A Colab Notebook stays active only as long as you’re active and will disconnect after a max of about 12 hours, regardless of your progress. If you’re working on anything that takes longer than that, you might find it frustrating to have to reconnect, re-mount, or install all of your dependencies again.
/This guide will show you how to:
- Set up your own Colab notebook
- Install a TensorFlow fast style transfer model training instance
- Mount your own Google Drive for storing results
- Use Google’s high performance GPU (or TPU) processing and RAM
- Train your own style transfer model
- Use that model to perform real-time style transfer on webcam video
How Do I Use Colab?
Colab notebooks are essentially a Jupyter Notebook (Python). You run the code by pushing the play button next to each code block.
If you ever want to create a Notebook from scratch, you can do so within Google Drive from the File > New > More > Colaboratory link.
If you want to learn more, you can go through some sample tutorials from Google here.
What is Style Transfer?
Style transfer is, simply put, very much like a photo filter. But unlike those that you might find in a program like Photoshop, which use specific algorithms to manipulate a photo, style transfer attempts to identify the style of a source image on its own, with various groups of neurons working together to identify specific feature sets. It then applies those learnings to the content image:
What if I want to train a different type of model?
You don’t have to use style transfer to use Colab’s GPUs and programming environments.
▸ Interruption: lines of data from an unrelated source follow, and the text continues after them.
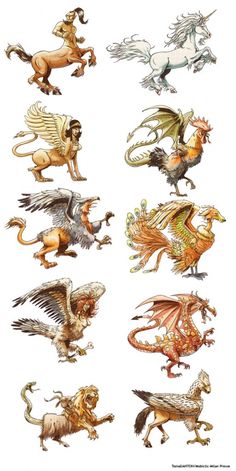 an image of some animals that are in different positions and sizes, all with wings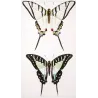 Kite Swallowtail Exotic Butterflies (Eurytides protesilaus, Eurytides agapenor) – Antique Hand-Colored Engraving (1835)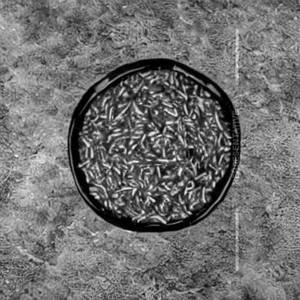 Veg Farmers Jade Rice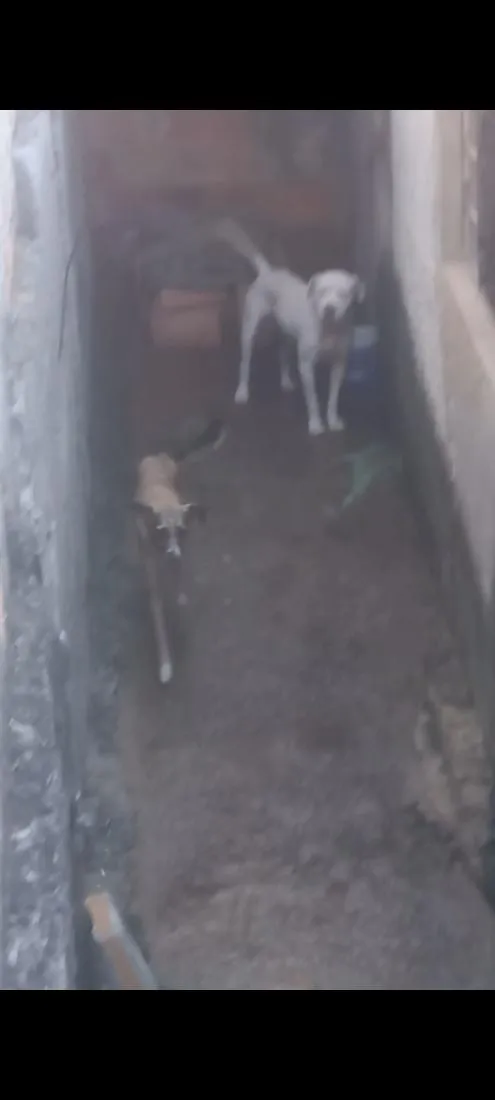 Cachorro raça Pit-Bull idade 3 anos nome Escobar e Princesa 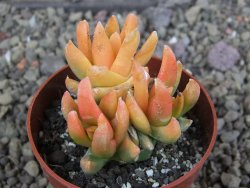Ariocarpus X scapharostrus variegata pot 6,5 cm - 12407001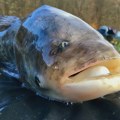 "Grdosija": Nišlija ulovio tolstolobika teškog skoro 50 kilograma, borba trajala 15 minuta
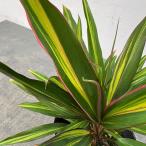 観葉植物 コルジリネ（コルディリ�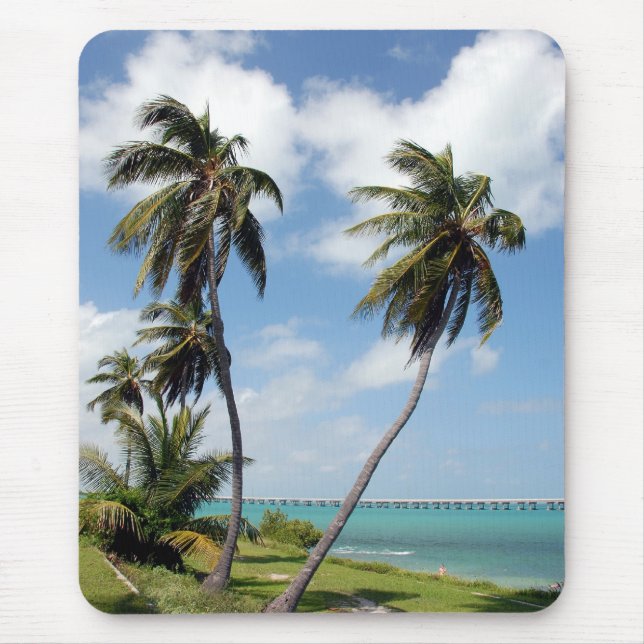 Mousepad Parque estadual de Baía Honda e ponte de sete (Frente)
You can write your own code, clone any GitHub repo, or make copies of existing Colab Notebooks and modify them.
To get started, you’ll be making a copy of this Colab Notebook. In addition to writing, running, and visualizing code, Colab Notebooks allow you to write detailed, formatted notes, so you can follow the entire set of directions for this article from within the Notebook itself, if you like — though this article will give you helpful additional instructions if you’re new to using Colab.
Click this link to open the Style Transfer Training Notebook, and choose File > Save a Copy in Drive. Make a directory for it called colab-files .
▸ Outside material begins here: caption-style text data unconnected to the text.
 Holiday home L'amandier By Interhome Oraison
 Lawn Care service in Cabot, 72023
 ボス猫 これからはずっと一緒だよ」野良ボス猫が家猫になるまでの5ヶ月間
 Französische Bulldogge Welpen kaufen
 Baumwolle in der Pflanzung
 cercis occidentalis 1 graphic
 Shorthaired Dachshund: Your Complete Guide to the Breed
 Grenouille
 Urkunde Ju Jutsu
You’ll want two images, one whose style you want to be able to apply to other images (the style image) and one image that will receive the styling (the content image). Because style transfer runs exponentially slower the larger the image, try to keep these small—no bigger than about 600px— and name them style.jpg and content.jpg . If you just want a couple images to get started with, try these (right click and choose save to download):
Put these within your colab-files directory on Google Drive and name them as style.jpg and content.jpg . Make two empty folders called checkpoint and test .
The checkpoint directory is where the model training will store all of its files. Checkpoints are just summaries of everything the machine learning model has learned so far. At any point, you can stop model training and use one of these checkpoints for style transfer.
Speeding Things Up
By default, Colab will use the CPU and a lower RAM allotment. We’ll need all the power we can get. Go to the Runtime > Change Runtime Type menu, and choose Python 3, GPU, and High RAM:
Now that we’ve got some decent processing power, we finally get to run some code. In order for Colab to save to the directories you just made and use the images you saved for style transfer, you’ll need to mount your Google Drive.
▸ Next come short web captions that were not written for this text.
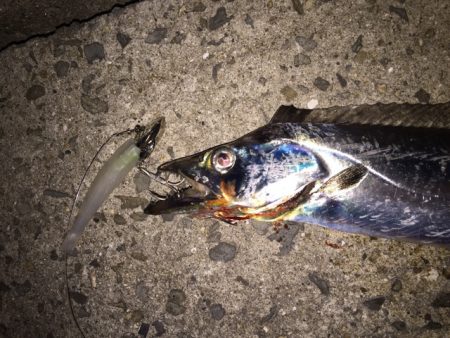 ワインドでタチウオ！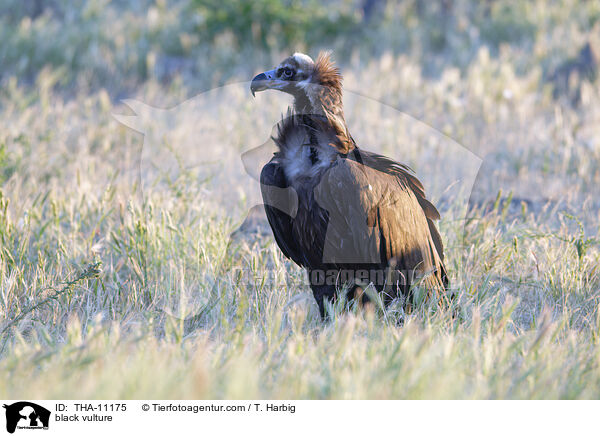 black vulture / THA-11175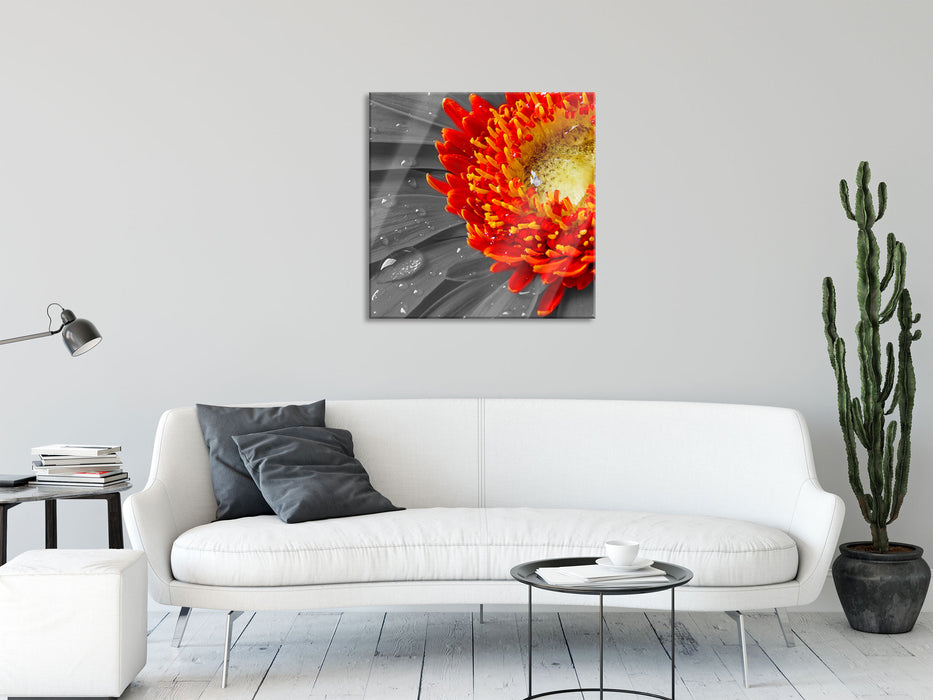 Gerbera mit Wassertropfen, Glasbild Quadratisch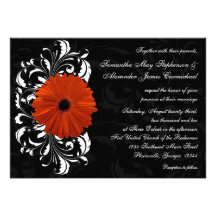 Orange Gerbera Daisy with Black and White Scroll Announcements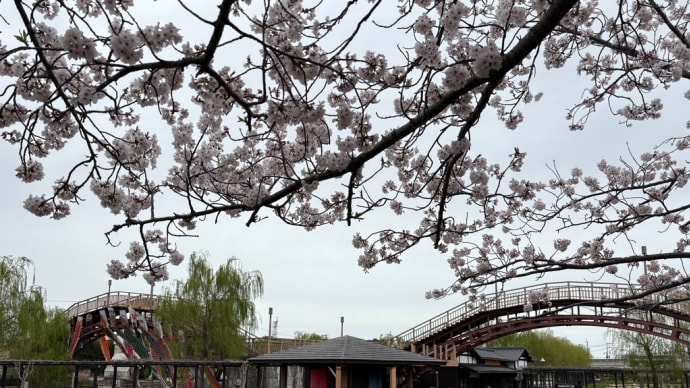 花・あやめ園の桜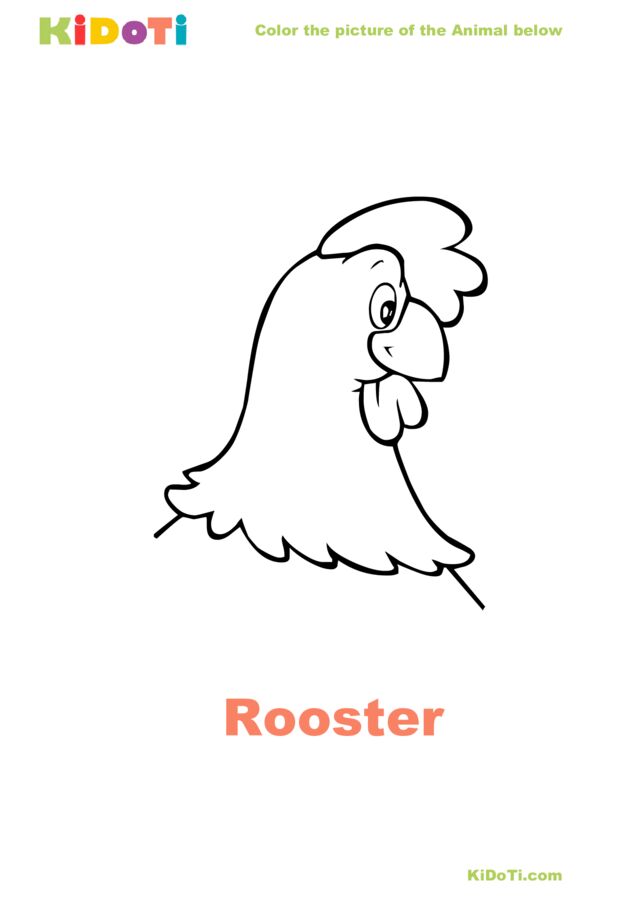 Animal Coloring Pages – KiDOTI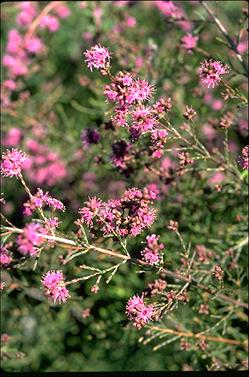 APII jpeg image of Kunzea opposita  © contact APII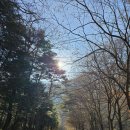 방화동가족휴가촌 가족휴양동 이미지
From within the Colab Notebook you made a copy of, push the play button next to the very first code block (“Mounting Your Drive”):
It will first give you a URL, which you should click to follow in your browser. Allow access from Colab to your drive. That browser window will give you an authorization code you can paste back into the field in Colab (“enter your authorization code”). Hit enter, and wait for it to authorize your drive.
Once this is done, you should see the success message “Mounted Google Drive”.
For any code block, make sure to wait until the ring around the stop icon stops spinning and returns to a play icon. That’s how you’ll know the code has fully executed.
Click the play button for the next code block to list your files. You should see, at the very least, your style.jpg , content.jpg images, and your checkpoint and test folders listed out.
The next two code blocks can be skipped, but they will allow you to verify that the GPU and High RAM are being used successfully:
Downloading the Style Transfer Model
Assuming this is all working properly, we now need to download the style transfer model by pushing play in the following code block:
As I mentioned before, Colab can run all kinds of different code. In this case, we’ll be cloning a GitHub repo for style transfer using TensorFlow straight into Colab. This gets loaded into the content folder of our working directory, so we’ll need to change into that directory to use style transfer:
We have the code, but we still need to run some setup. The next code block runs a setup script to do all the necessary configuration of fast style transfer. This will take a bit, so go grab a snack while it runs.
What Is It Downloading? Where? Why is it taking so long?
The setup installs folders to your Drive, but in a temporary location that’s not included in what you might see if you were just to go to Google Drive (outside of Colab).
The big downloads here are the COCO and ImageNet datasets, which this model uses to be able to help speed up its baseline assumptions about whatever you’re asking it to train on. COCO (shows up in Colab as train-2014), on its own, is about 13GB. Thankfully, Google has plenty of storage space…
Can’t I just push one button and let it all run? I’ve got places I need to be…
Colab has a few options under the Runtime menu:
Run All — Runs every code block from the start of the Notebook to the end.
Run After — Runs every code block after the most recently executed code block — so if you’ve already gotten started, but you want to put the rest on autopilot, choose this option. The following steps will wait until each previous step is done, and then automatically execute.
There are a few drawbacks to this, however:
- You won’t understand as well what’s happening in the code.
- Some code blocks have prompts from the system — such as yes/no questions, or the prompt from earlier where we had to paste in an authorization code. These can lead to timeouts, which will disconnect you from the Colab runtime, and then you will potentially have to start over.
- If there are intermediary, manual, non-code related steps, such as copying files, running all steps will lead to errors.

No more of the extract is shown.